The most prominent site in Nazareth is the Basilica of the Annunciation, built in the 1960's but incorporating the remains of earlier buildings inside around the Grotto of the Annunciation. This and the Church of the Nativity are, as far as I could tell, the only churches I've been to that have a regular local congregation in addition to all the tourists and pilgrim groups that come through - the regular Sunday services are held in an upstairs chapel, while special ones are down by the Grotto. The basilica is surrounded by a wall on the inside of which are pictures from the Virgin Mary from all over the world. Next door and really part of the same complex was St. Joseph's Church, built on the reputed site of Joseph's carpentry shop. Apparently no one told the medieval Christians who first venerated the place that carpenters in Roman Galilee were probably itinerant. A rival spot for the annunciation is Mary's Well, located just off the well-developed Well Square downtown and marked by the Orthodox Church of the Annunciation. The Orthodox version places the annunciation here when Mary was drawing water, and you can see the well down below a special chapel in the church, lined with icons as Orthodox churches are.
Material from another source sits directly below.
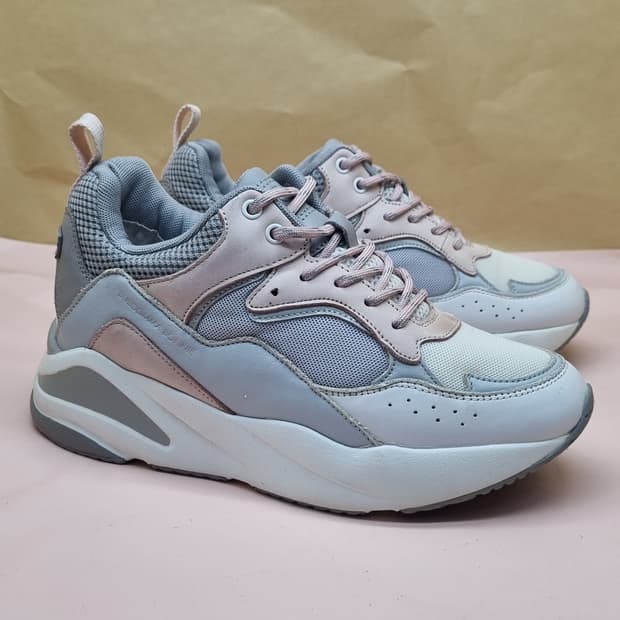 슈콤마보니 풀문 키높이운동화 250 굽8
After that I ate in a local burger joint before heading back, first by taxi to Afula and then on the bus to Jerusalem. The things I did and saw are the type of things that appeal to people's piety, but I can't claim to have felt particularly pious as I travelled. For example, in Tiberias, I ate for dinner something called St. Peter's Fish, which is unique to the Sea of Galilee. The meal cost about $15, when if I were in fact following in the way of Jesus and the disciples I probably should have grabbed a felafel sandwich and given $12 to the poor. This, however, is common to pilgrims. Almost all the groups I saw were probably eating in nice restaurants and staying in mid-range or better hotels. In this as in so much else, it's much easier to venerate and admire than it is to follow.